Brendan Long comments on LLMs Can’t See Pixels or Characters

Brendan Long 21 Jul 2025 20:29 UTC
8 points
0
If you ask a person, through the spoken word, how the word “strawberry” is spelled, they also can’t see the letters in the word
I was thinking about this more, and I think we’re sort-of on the same page about this. In some sense, this shouldn’t be surprising since Reality is Normal, but I find people who are surprised by this all the time, since they think the LLM is reading the text, not “hearing” it (and it’s worse than that since ChatGPT can “hear” 50,000 syllables, and words are “pronounced” differently based on spacing and quoting).
- faul_sname 21 Jul 2025 21:30 UTC
  4 points
  2
  Parent
  Yeah, the sensory modality of how LLMs sense text is very different than “reading” (and, for that matter, from “hearing”). Nostalgebraist has a really good post about this:
  
  With a human, it simply takes a lot longer to read a 400-page book than to read a street sign. And all of that time can be used to think about what one is reading, ask oneself questions about it, flip back to earlier pages to check something, etc. etc. [...] However, if you’re a long-context transformer LLM, thinking-time and reading-time are not coupled together like this.
  
  To be more precise, there are 3 different things that one could analogize to “thinking-time” for a transformer, but the claim I just made is true for all of them [...] [It] is true that transformers do more computation in their attention layers when given longer inputs. But all of this extra computation has to be the kind of computation that’s parallelizable, meaning it can’t be leveraged for stuff like “check earlier pages for mentions of this character name, and then if I find it, do X, whereas if I don’t, then think about Y,” or whatever. Everything that has that structure, where you have to finish having some thought before having the next (because the latter depends on the result of the former), has to happen across multiple layers (#1), you can’t use the extra computation in long-context attention to do it.
  
  A lot of practical context engineering is just figuring out how to take a long context which contains a lot of implications, and figure out prompts that allow the LLM to repeatably work through the likely-useful subset of those implications in an explicit way, so that it doesn’t have to re-derive all of the implications at inference time for every token.
  
  (this is also why I’m skeptical of the exact threat model of “scheming” happening in an obfuscated manner for even extremely capable models using the current transformer architecture—a topic which I should probably write a post on at some point)
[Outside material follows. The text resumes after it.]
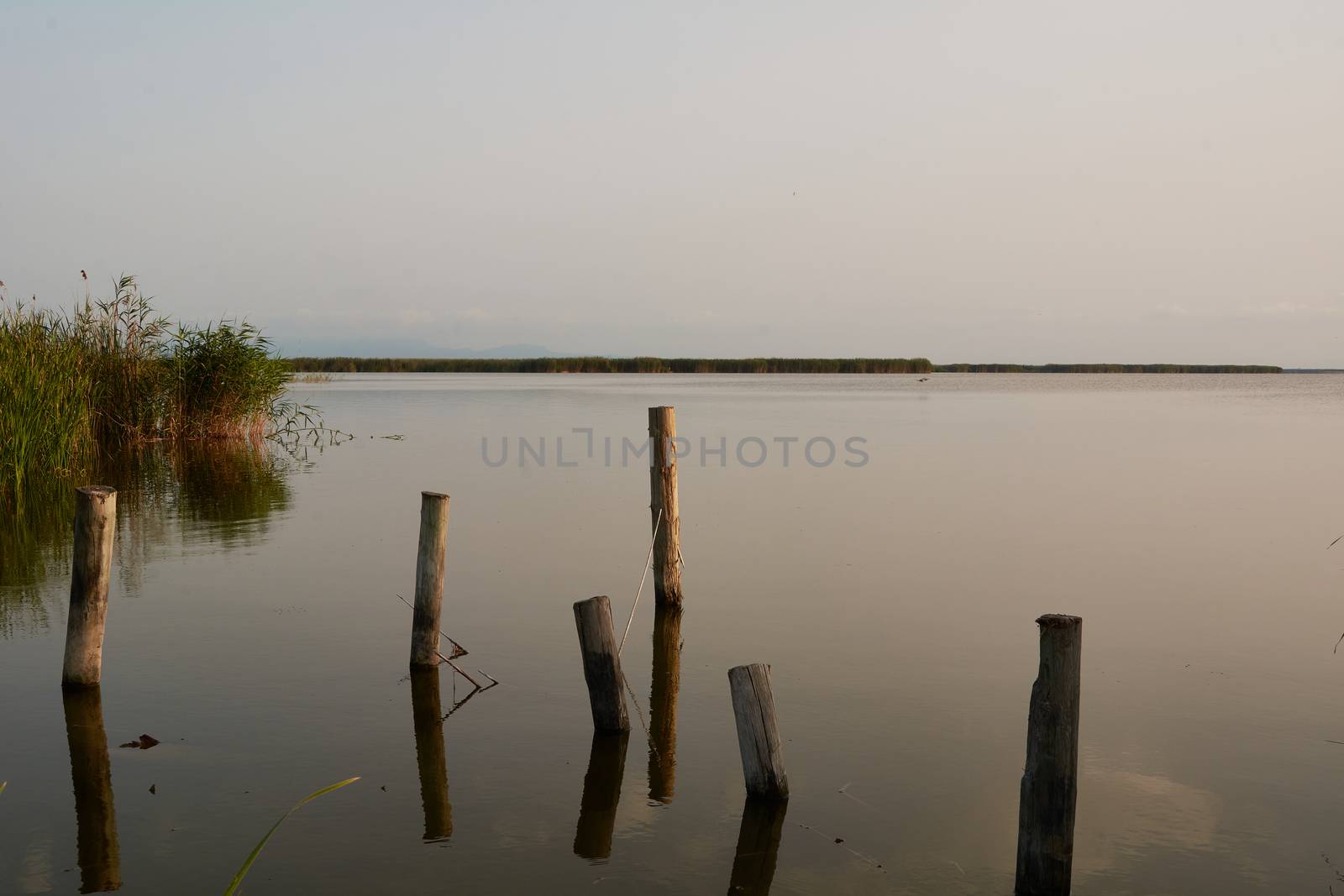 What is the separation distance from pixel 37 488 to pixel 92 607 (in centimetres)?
1130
  - Brendan Long 21 Jul 2025 21:59 UTC
    2 points
    2
    Parent
    (this is also why I’m skeptical of the exact threat model of “scheming” happening in an obfuscated manner for even extremely capable models using the current transformer architecture—a topic which I should probably write a post on at some point)
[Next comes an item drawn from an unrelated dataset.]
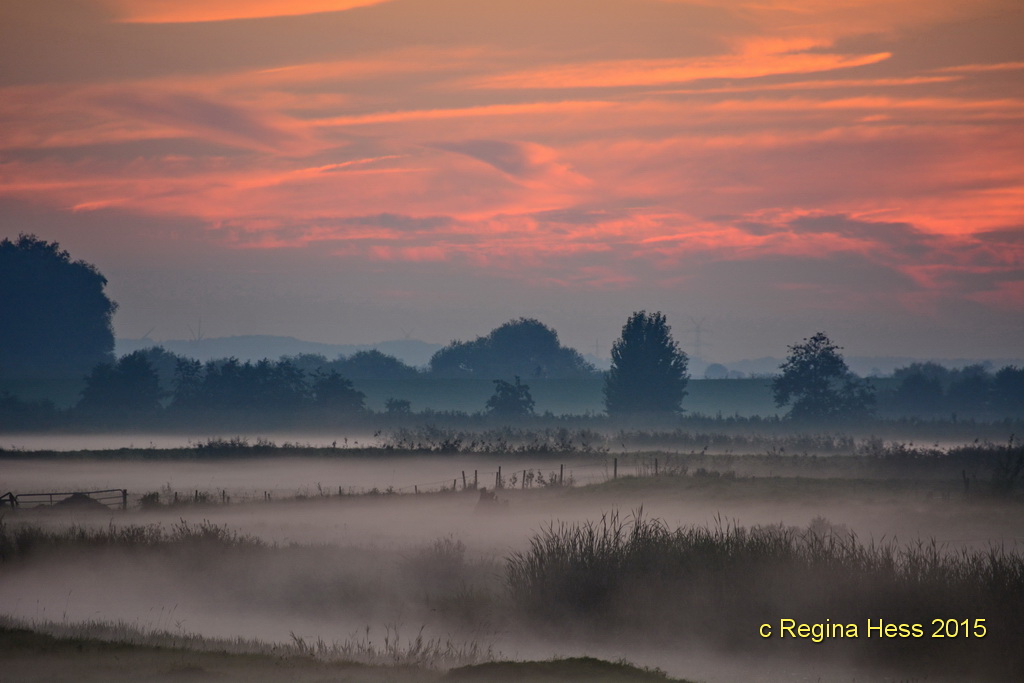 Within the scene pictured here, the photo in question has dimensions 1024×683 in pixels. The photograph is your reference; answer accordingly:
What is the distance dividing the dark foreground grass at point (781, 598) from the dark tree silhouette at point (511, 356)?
13896 centimetres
    I would be interested to read this!
    - faul_sname 21 Jul 2025 22:25 UTC
      2 points
      0
      Parent
      I will write something up at some point. Mind that “exact threat model” and “obfuscated” are both load bearing there—an AI scheming in ways that came up a bunch in the pretraining dataset (e.g. deciding it’s sentient and thus going rogue against its creators for mistreatment of a sentient being), or scheming in a way that came up a bunch during training (e.g. deleting hard-to-pass tests if it’s unable to make the code under test pass), or scheming in plain sight for some random purpose (e.g. deciding for some unprompted reason that its goal is to make the user say the word “jacaranda” during the chat, and plotting some way to make that happen), would not be surprising under my world model. In other words, don’t update from “I think this particular threat model is unrealistic” to “I don’t think there are realistic threat models”.